A une conférence de presse à Benghazi, McCain a dit que les
nations devraient fournir au Conseil "toute l'assistance nécessaire"
y compris "de l'aide pour le contrôle et le commandement, des
renseignements sur le champ de bataille, de l'entraînement et des armes."
Il a aussi pressé l'administration Obama de remettre aux soi-disant rebelles
une partie des milliards de dollars des avoirs libyens saisis.

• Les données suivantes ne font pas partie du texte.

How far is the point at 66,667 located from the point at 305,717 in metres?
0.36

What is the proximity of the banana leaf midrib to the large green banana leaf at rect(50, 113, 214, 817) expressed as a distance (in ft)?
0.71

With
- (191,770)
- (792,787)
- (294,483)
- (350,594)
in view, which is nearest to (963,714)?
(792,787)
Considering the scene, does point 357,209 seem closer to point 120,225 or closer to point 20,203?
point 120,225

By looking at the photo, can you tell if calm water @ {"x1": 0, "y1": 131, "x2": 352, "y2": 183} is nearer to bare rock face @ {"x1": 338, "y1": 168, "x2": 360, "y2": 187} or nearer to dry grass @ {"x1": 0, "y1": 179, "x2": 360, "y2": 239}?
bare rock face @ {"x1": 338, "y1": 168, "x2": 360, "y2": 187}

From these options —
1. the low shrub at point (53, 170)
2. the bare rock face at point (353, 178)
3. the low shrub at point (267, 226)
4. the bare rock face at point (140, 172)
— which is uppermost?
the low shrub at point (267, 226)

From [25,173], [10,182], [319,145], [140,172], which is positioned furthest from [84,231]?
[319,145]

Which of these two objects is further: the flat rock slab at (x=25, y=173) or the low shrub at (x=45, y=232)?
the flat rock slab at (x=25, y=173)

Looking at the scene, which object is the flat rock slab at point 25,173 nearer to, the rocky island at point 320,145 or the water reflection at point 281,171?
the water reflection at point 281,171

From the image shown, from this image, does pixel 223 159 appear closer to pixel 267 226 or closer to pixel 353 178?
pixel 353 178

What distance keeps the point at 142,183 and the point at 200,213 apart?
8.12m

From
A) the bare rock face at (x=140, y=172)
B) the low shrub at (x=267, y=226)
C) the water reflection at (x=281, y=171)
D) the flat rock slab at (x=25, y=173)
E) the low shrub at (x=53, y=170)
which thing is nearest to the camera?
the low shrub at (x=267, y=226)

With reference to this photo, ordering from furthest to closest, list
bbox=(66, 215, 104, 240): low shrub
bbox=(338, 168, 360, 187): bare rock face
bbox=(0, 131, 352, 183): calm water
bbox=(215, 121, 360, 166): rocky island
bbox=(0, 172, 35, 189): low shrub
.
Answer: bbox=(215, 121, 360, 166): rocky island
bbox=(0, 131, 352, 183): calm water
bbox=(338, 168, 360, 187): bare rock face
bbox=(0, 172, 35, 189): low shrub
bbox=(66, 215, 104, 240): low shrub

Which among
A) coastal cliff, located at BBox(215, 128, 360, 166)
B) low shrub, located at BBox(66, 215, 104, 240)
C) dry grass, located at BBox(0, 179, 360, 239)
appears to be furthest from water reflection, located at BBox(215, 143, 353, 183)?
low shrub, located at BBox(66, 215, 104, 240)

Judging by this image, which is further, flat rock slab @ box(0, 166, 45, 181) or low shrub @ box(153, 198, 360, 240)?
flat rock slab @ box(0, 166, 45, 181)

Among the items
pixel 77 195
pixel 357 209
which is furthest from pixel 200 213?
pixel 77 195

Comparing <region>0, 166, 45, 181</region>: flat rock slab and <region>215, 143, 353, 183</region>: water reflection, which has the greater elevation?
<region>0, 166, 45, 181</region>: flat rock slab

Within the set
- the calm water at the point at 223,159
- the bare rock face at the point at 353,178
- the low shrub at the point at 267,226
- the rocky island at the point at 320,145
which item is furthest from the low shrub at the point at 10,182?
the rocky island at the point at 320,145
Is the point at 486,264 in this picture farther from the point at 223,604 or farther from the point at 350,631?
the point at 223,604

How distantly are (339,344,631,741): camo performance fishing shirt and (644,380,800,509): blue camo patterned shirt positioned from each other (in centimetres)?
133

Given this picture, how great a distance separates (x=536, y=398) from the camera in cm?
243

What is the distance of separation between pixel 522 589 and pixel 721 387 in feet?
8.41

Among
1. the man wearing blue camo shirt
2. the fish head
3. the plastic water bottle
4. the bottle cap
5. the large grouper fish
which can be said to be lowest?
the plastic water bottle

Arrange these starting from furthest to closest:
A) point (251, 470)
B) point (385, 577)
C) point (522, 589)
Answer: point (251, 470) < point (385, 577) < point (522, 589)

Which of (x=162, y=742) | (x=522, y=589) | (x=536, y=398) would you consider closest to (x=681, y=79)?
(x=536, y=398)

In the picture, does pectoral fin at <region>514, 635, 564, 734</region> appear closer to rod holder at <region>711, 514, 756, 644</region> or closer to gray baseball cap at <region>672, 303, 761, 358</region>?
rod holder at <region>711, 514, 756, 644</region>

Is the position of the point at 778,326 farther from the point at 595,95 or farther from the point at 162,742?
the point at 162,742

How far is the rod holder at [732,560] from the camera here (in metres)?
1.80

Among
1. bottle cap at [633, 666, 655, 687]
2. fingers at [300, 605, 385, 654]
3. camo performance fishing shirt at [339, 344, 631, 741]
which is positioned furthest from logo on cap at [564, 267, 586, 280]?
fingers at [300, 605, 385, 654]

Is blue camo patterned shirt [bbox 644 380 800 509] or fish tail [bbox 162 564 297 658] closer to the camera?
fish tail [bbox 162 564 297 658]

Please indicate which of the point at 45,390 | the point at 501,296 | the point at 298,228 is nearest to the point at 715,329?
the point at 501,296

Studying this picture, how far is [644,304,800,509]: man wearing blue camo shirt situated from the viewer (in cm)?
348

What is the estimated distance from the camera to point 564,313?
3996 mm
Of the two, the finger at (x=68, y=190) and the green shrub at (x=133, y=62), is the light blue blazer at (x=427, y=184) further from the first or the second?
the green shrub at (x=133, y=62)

Vendredi le Wall Street Journal, sous le titre
"La coalition de l'ambivalence" se faisait l'écho de la position de
McCain en dénonçant ce qu'il appelait "la tiédeur de la campagne de
bombardements destinée à arrêter les forces de Muammar Kadhafi au nom de la
protection des civils." Le journal recommandait à Washington et à l'OTAN
de renoncer à faire semblant de mener une guerre limitée et
"humanitaire" et d'intensifier la violence pour éliminer rapidement
le régime de Kadhafi.
Anthony Cordesman du groupe de réflexion très influent de
Washington, le Centre d'études stratégiques et internationales, a révélé, avec
la brutalité d'une personne assoiffée de sang, les motivations véritables qui
se cachent derrière les belles paroles humanitaires. Voici ce qu'il écrit le 20
avril:
"Le vrai problème est que la farce est encore utilisée
à la place de la force... Il n'y a aucun besoin de nouvelles résolutions de
l'ONU, la France, l'Angleterre, les Etats-Unis et les autres membres de la
coalition qui veulent vraiment aider le peuple libyen n'ont qu'à utiliser le
caractère vague de la résolution actuelle pour atteindre des résultats
décisifs.
"La France, l'Angleterre, les Etats-Unis et les autres
membres de la coalition doivent modifier leur tactique pour que les bombardements
atteignent et détruisent l'armée et les forces de sécurité de Kadhafi dans
leurs bases et dans leurs mouvements sur le terrain - avant qu'elles
n'atteignent les forces rebelles. Il faut prendre pour cibles Kadhafi, les
nombreux membres de sa famille et ses principaux alliés qui se sont tous rendus
coupables d'attaques contre des civils libyens même s'ils se trouvent au milieu
des civils. Il faut les obliger à choisir entre l'exil et la mort et les
bombardements doivent être assez violents pour qu'ils comprennent qu'ils
doivent se décider rapidement.
"Ce genre d'opération ne peut pas être
"chirurgicale" -si "chirurgical" signifie à présent qu'il
faut éviter de faire couler le sang que le patient meure ou pas. Il faut faire
des choix difficiles et parfois cruels...."
De par la nature même de telles entreprises impérialistes,
il faudra inévitablement faire encore plus de "choix cruels" pour
noyer dans le sang la résistance populaire à la domination néocoloniale.